Altered miR expression contributes to aberrant post-transcriptional regulation of gene expression in different type of cancers,136 but their role in the pathogenesis and progression of CML from CP to BC is still largely unknown. Perrotti and colleagues137, 138 reported that microarray and Northern analysis show that expression of a discrete number of miRs is altered in an imatinib-sensitive manner in CML-BCCD34+ compared to CML-CPCD34+ progenitors and in BCR-ABL1-expressing haematopoietic cell lines. Interestingly, the same group also showed that the downregulation of some of these miRs is likely important for blastic transformation, as their expression directly interferes with the activity of BCR-ABL1-regulated RNA-binding proteins, which translationally inhibit myeloid differentiation in BC CML by suppressing expression of the C/EBPalpha transcription factor.129, 137 These data not only reinforce the importance of BCR-ABL1 in the post-transcriptional control of gene expression,139 but also suggest a new function for miRNAs as functional regulators of RNA-binding proteins involved in the control of malignant cell growth, survival and differentiation. A group from Madrid has reported very recently that a 7-Mb fragile site on chromosome 14q32, which includes miR-203, is deleted in some haematologic malignancies and inactivated by hypermethylation in others.140 miR-203 controls the expression levels of ABL1 and also of BCR-ABL1, so its functional absence is associated with increased levels of BCR-ABL1 expression in CML. Re-expression of miR-203 reduces proliferation of BCR-ABL1-dependent tumour cells. They conclude that miR-203 functions as a tumour suppressor gene; when it is deleted or silenced, induced re-expression might be of therapeutic benefit in some cases.

Genomic arrays

Array comparative genomic hybridization (CGH) can detect amplifications and deletions, some of which may be associated with cryptic fusion genes. However, using custom-designed tiling arrays that target the tyrosine kinome, no novel recurrent tyrosine kinase fusion genes have been identified thus far in BCR-ABL1-negative MPDs. In CML, genome-wide array CGH has identified several copy-number changes that appear to be associated with disease progression.141

Single nucleotide polymorphism arrays are an alternative technique for detecting copy-number changes but can also identify acquired uniparental disomy, thought to mark the presence of an activated oncogene or inactivated tumour suppressor gene.

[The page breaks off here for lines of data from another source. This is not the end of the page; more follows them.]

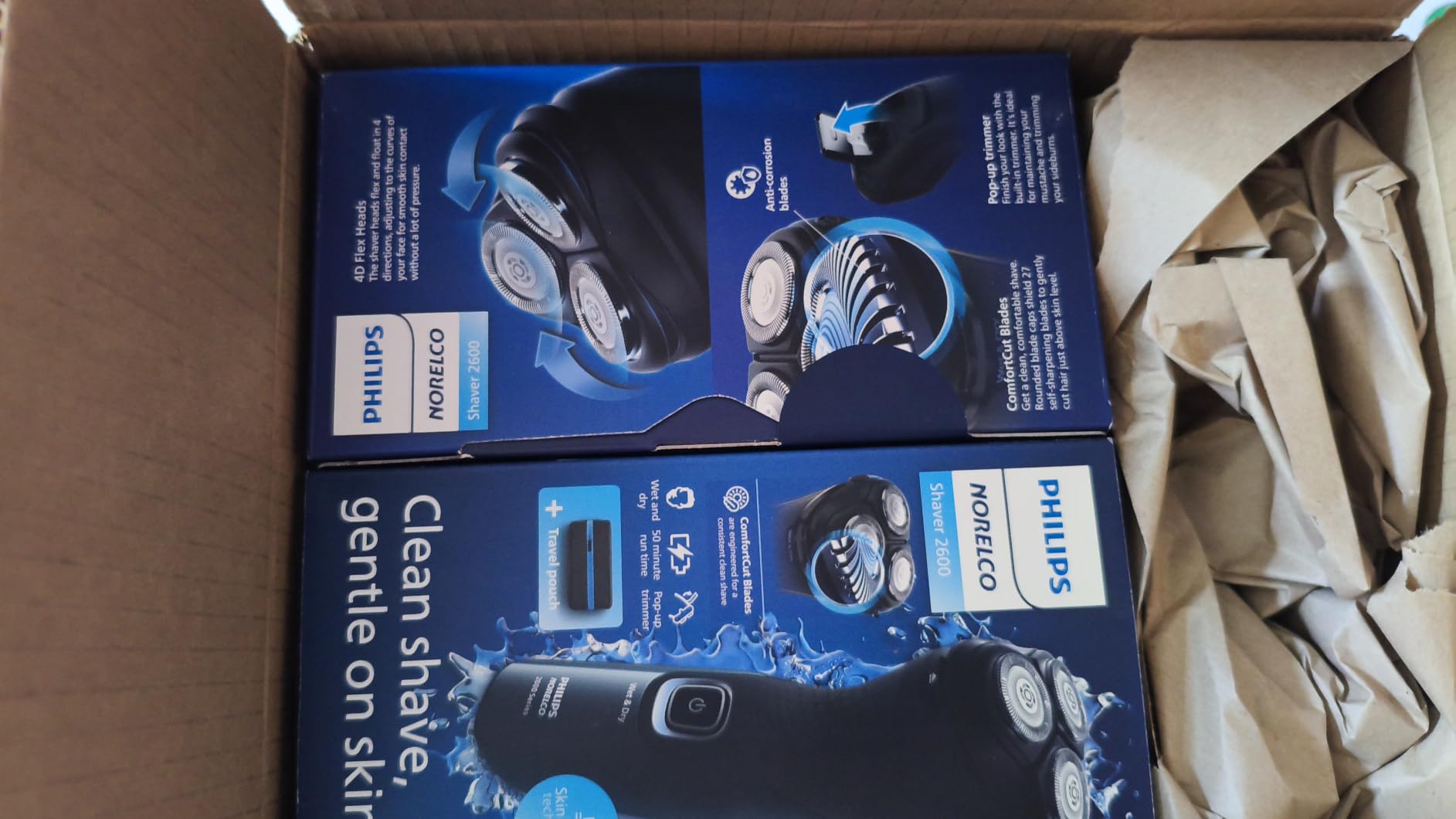 Philips Norelco Shaver 2600 Series, Wet and Dry Electric Shaver, Pop-up Trimmer, P-Cap, Travel Pouch, Dark Forest Green, Model X3052/91 customer photo 2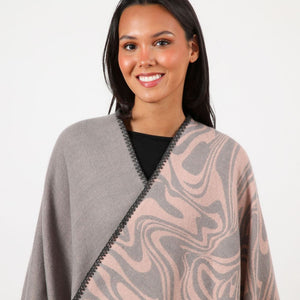 Poncho  Ilona Rosado Tatienne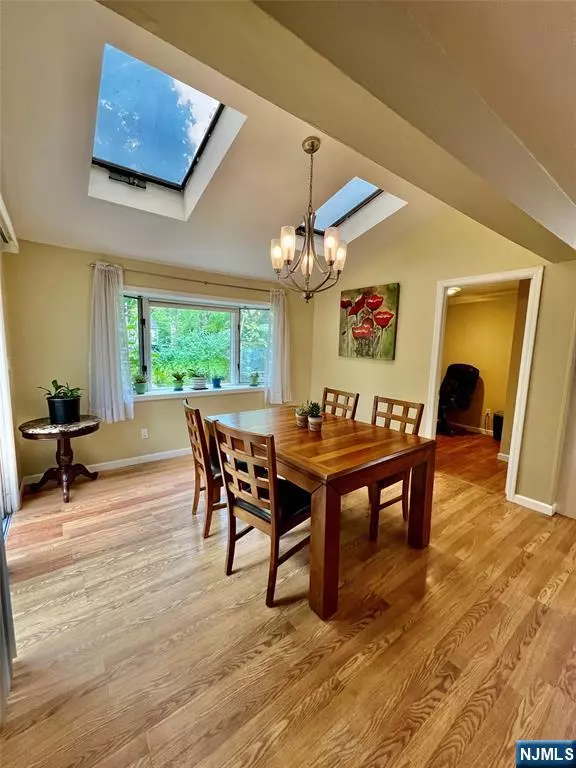 Closter, NJ 07624,14 Ethel PL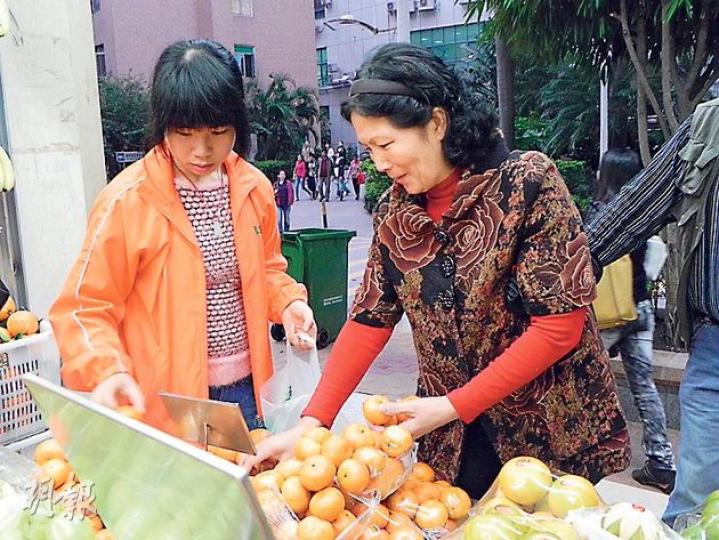 深圳漁民村居民宋女士(右)昨獲通知要準備接待習近平家訪,她買了新鮮水果,準備接待習近平。(明報記者攝)在漁民村早前的預展中,前中共總書記胡耀邦(圖中右一)1983年春到訪的照片一度出現,但昨日該張相片已被撤下。(明報記者攝) 深圳漁民村居民宋女士(右)昨獲通知要準備接待習近平家訪,她買了新鮮水果,準備接待習近平。(明報記者攝)在漁民村早前的預展中,前中共總書記胡耀邦(圖中右一)1983年春到訪的照片一度出現,但昨日該張相片已被撤下。(明報記者攝)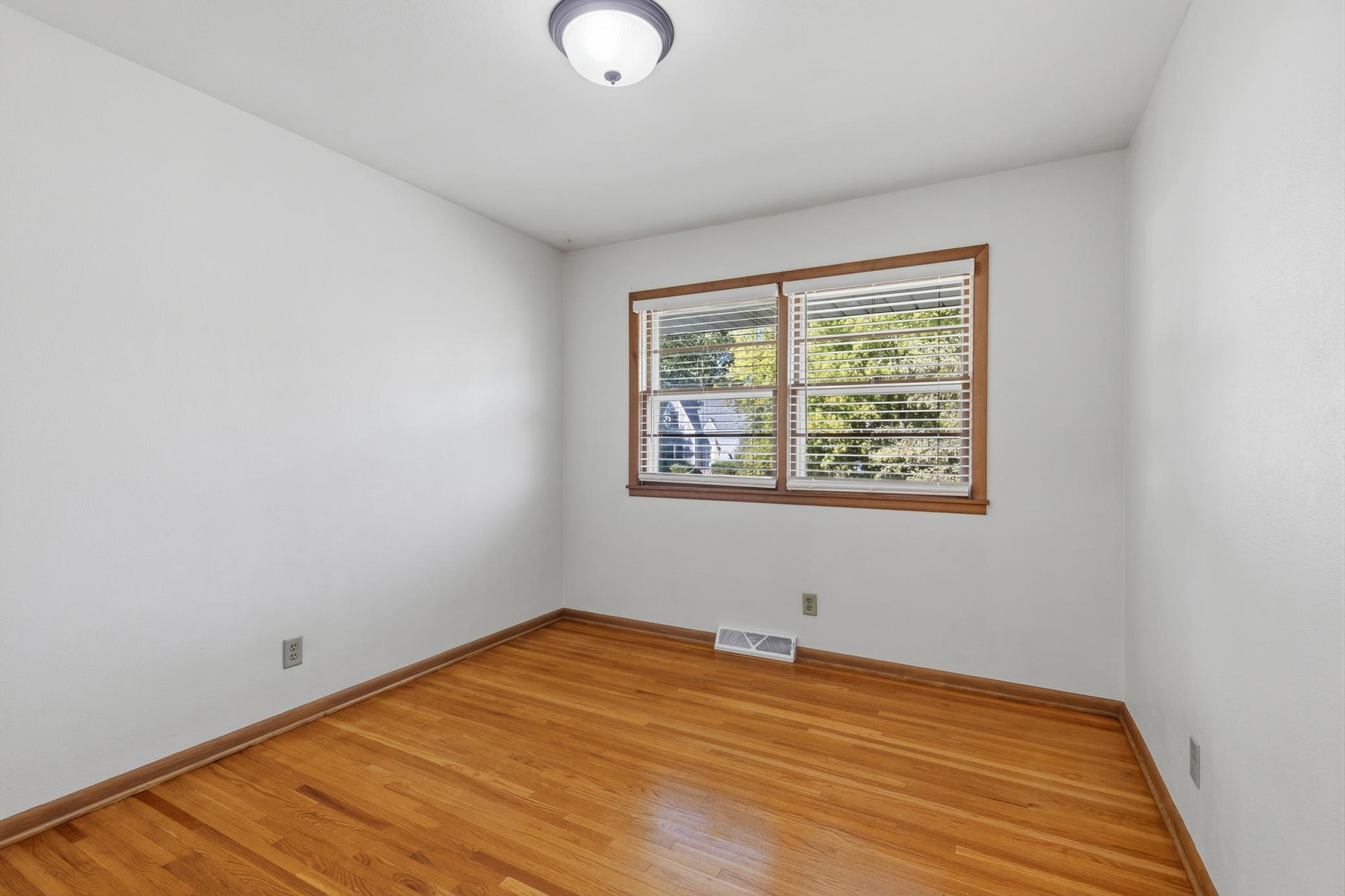 View of Residential at 1300 Lakeview Avenue, Mendota Heights MN 55120, Mendota Heights (15 of 46) - Mike Wilen | Minnesota Team Real Estate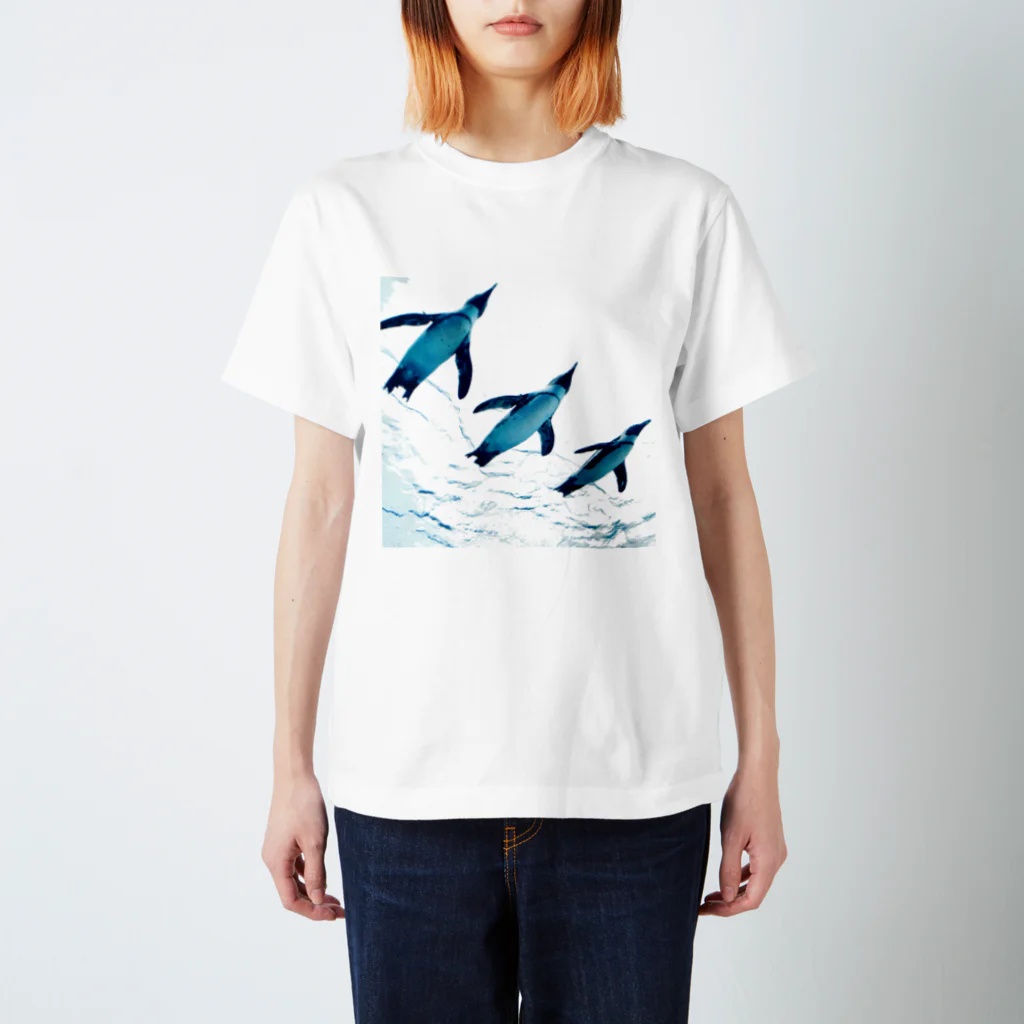 パソコン教室ビギナーの仲良しペンギン Regular Fit T-Shirt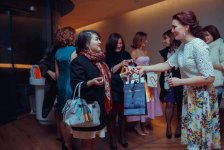 Для бакинских мам зимой наступила весна (ФОТО)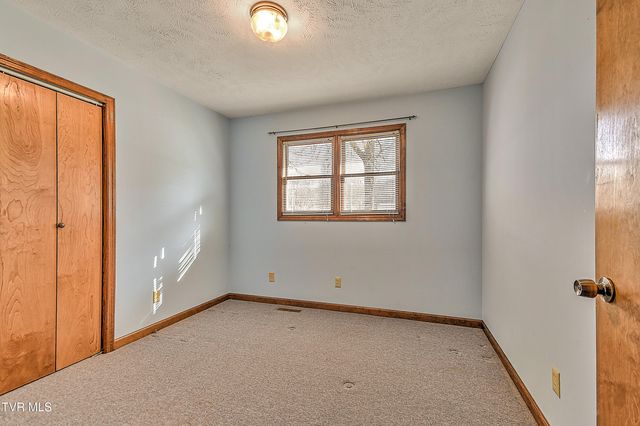 1363 North Highway 91, Elizabethton, TN 37643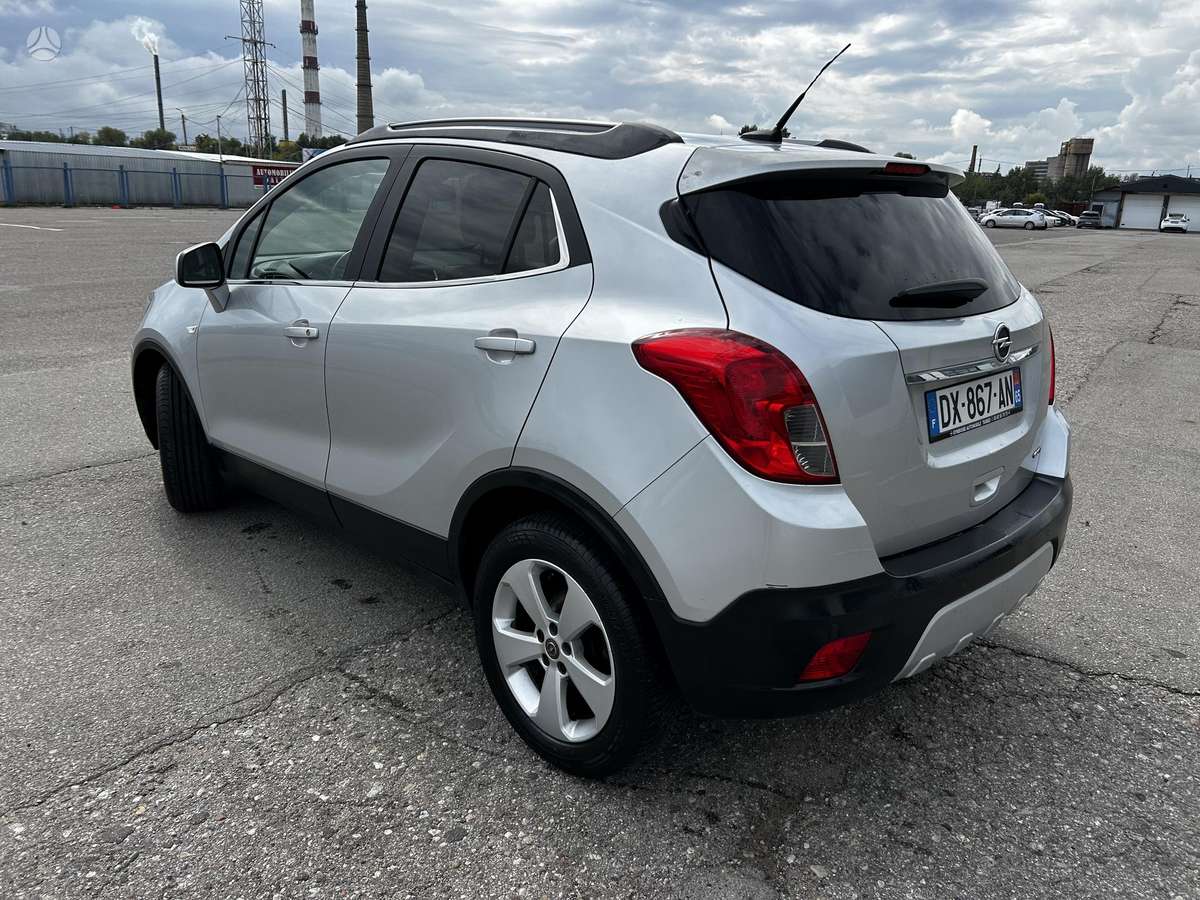 Opel Mokka 2015 — interior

It has emerged that large tracts of acquired uniparental disomy are common in atypical CMDs with several different chromosomes being affected, indicating substantial genetic heterogeneity in these diseases. Recurrent abnormalities of chromosomes 7 and 11 are particularly prominent and characterization of the 11q locus has identified a number of different transforming mutations that impact on intracellular signalling pathways (NCP Cross, unpublished data). In contrast to atypical CMDs, acquired uniparental disomy is uncommon in V617F-negative classical CMDs and also CML in transformation. High-density single nucleotide polymorphism arrays have recently pinpointed deletions of the Ikaros gene as a critical event in lymphoid transformation of CML as well a Ph chromosome-positive ALL.142

Other approaches

High-throughput sequencing or mutation scanning is becoming more widely applied as the cost of sequencing falls and was one of the routes by which JAK2-V617F was identified, as well as the finding of MPL515 mutations.143 However, it has become apparent that the majority of sequence changes identified by sequencing are in fact unimportant 'passenger' mutations that happened to be present in a cell that acquired other oncogenic changes. Identification of the relatively small number of pathogenetic 'driver' mutations requires functional proof of their activity. Other possible techniques include proteomic analysis to detect aberrantly tyrosine phosphorylated proteins,144 and systematic short hairpin RNA screens that may be used to individually knock down the expression of target genes, for example, the tyrosine kinome.145 These combined approaches are likely to make significant inroads into our understanding of the basic pathogenesis of CMDs in the next 1–2 years.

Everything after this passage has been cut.